Since 2016, anyone trying to purchase a gun in Alabama could use their pistol permit to bypass a background check.
But this week, that’s changed. An old rule has been reinstated, forcing everyone to receive a background check before purchasing a firearm.
“Will it slow up the process? Sure,” said Jeff Stone, who owns ‘Stone Arms INC.” on Airport Boulevard. “I don’t think it’s going to affect our business. It’s a good thing because when they initially came out with this ruling in February 2016, the ATF gave the gun shops a choice whether or not they were going to run a background check or use the pistol permit in lieu of a background check.”
In a public safety advisory issued this week, the ATF claims some sheriff’s offices were not doing their job in running full background checks before issuing pistol permits.
Part of the advisory issued Monday says, “At least some of these permits were issued to felons and other federally prohibited persons who used them to purchase firearms from Alabama FFLs without a NICS check.”
It went on to say, “Because county sheriffs have issued CCP permits without completing a full NICS check, firearms have been transferred to felons and other prohibited individuals in violation of federal law, thereby creating a public safety concern.”
“I know we have not had that issue here in Mobile,” Captain Paul Burch with the Mobile County Sheriff’s Office tells News 5.

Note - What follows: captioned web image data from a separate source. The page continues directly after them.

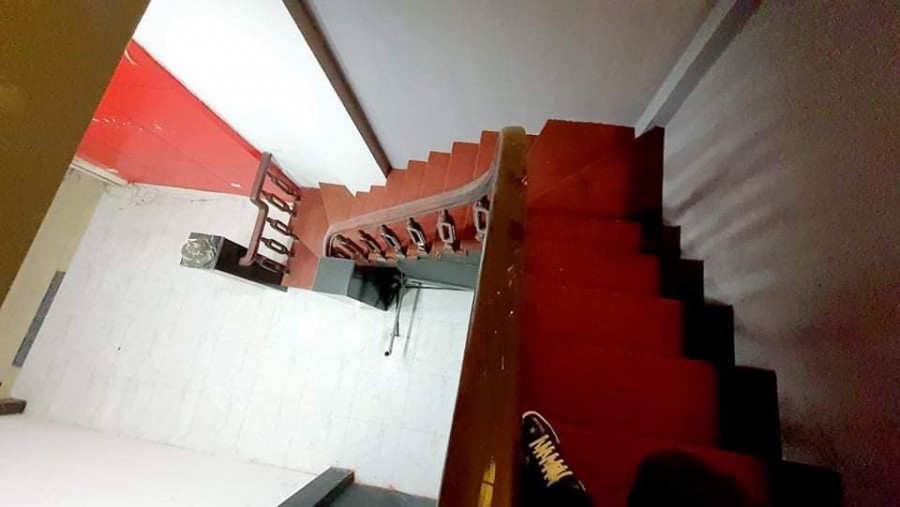 HIẾM, BÁN NHÀ MẶT PHỐ TRÍCH SÀI, VIEW HỒ TÂY, 42M, 4 TẦNG, MT 3.5M, CHỈ CÒN 20 TỶ.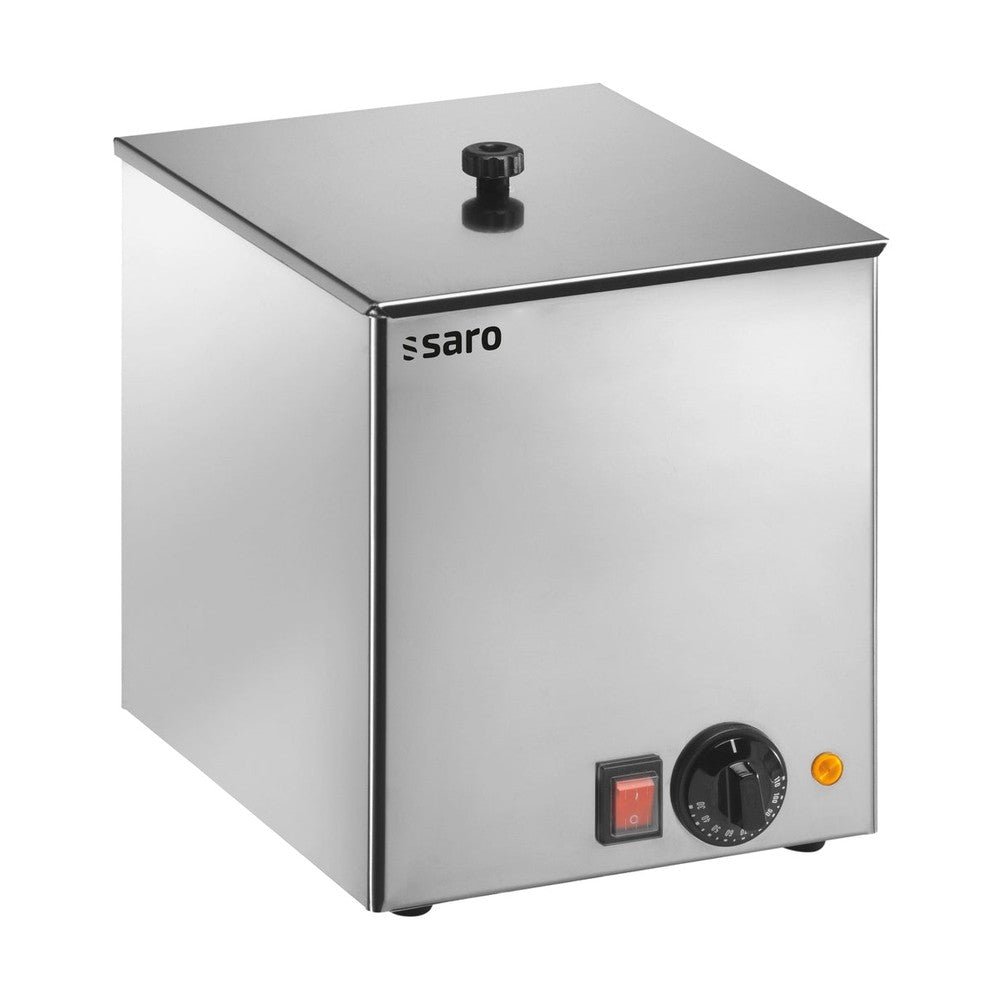 SARO Wurstwärmer Modell HD 100 SARO
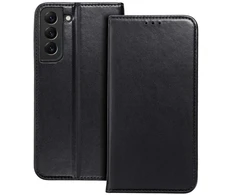 Reach Dėklas Smart Magnetic Samsung A376 A37 5G juodas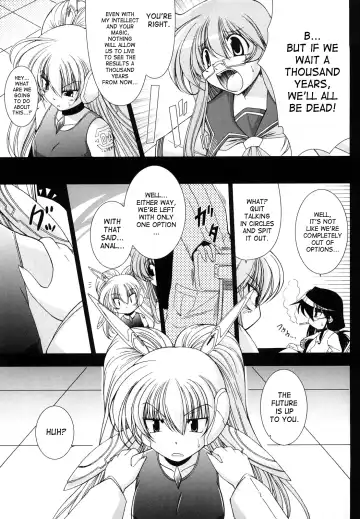 [Oohashi Takayuki] World Is Mine 2 Fhentai - Page 59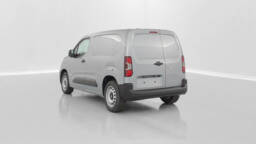 OPEL COMBO CARGO COMBO CARGO M 650kg 1.5 BlueHDi 100ch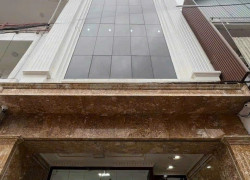 Tôi cho thuê nhà, 85m2- 5T, Lý Thường Kiệt, Bà Triệu, Ngô Quyền -32 tr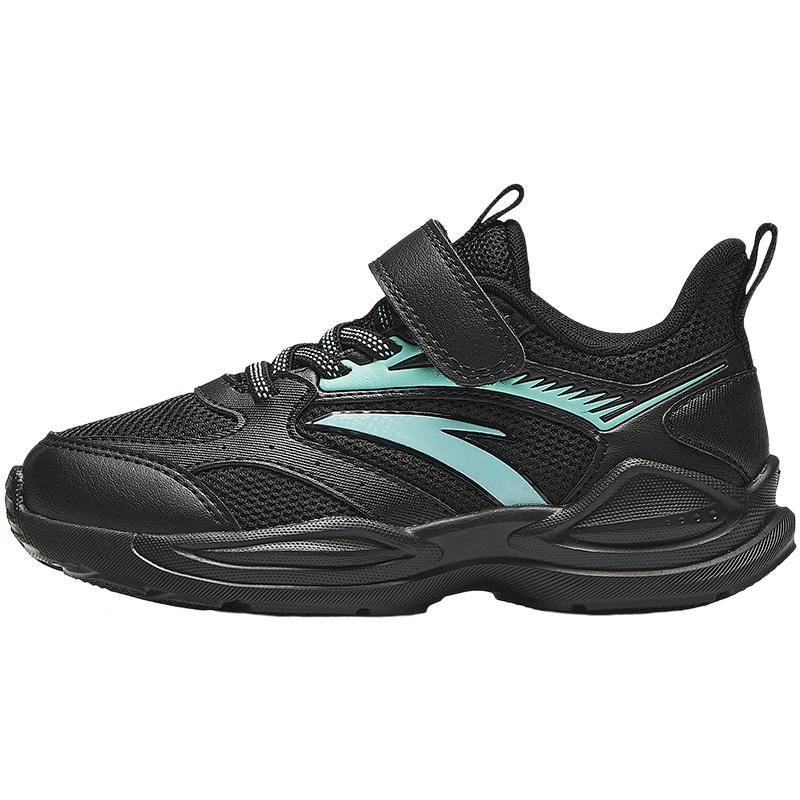Anta Kids Trendy Comfortable Versatile Simple Lightweight Shock Absorbing Low Top Running Shoes Kids sneaker A12439925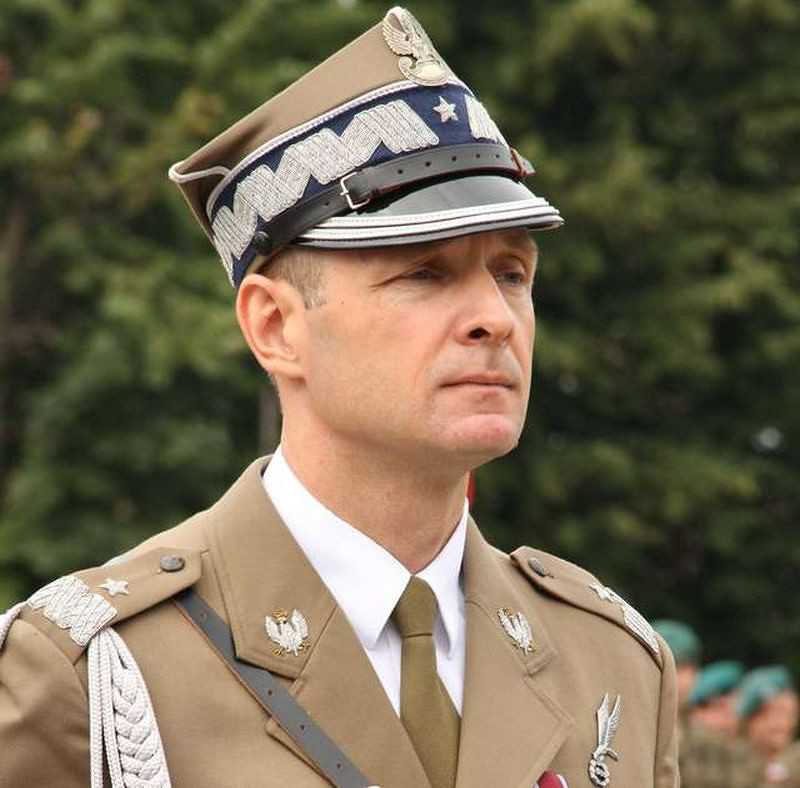 Polski generał objął ważne stanowisko w dowództwie NATO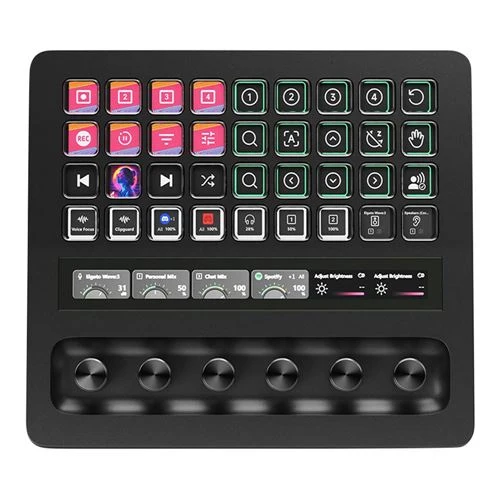 Stream Deck Elgato Stream Deck Plus XL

Burch says the agency is sure to run full background checks before issuing permits. However, the permit itself has flaws since it lasts for several years.
“They may be issued a permit today. Four years from now, they commit a crime where they shouldn’t be carrying a gun but they still have that valid permit and can legally purchase guns with it,” said Burch.
The advisory from the ATF did not specify which counties are to blame.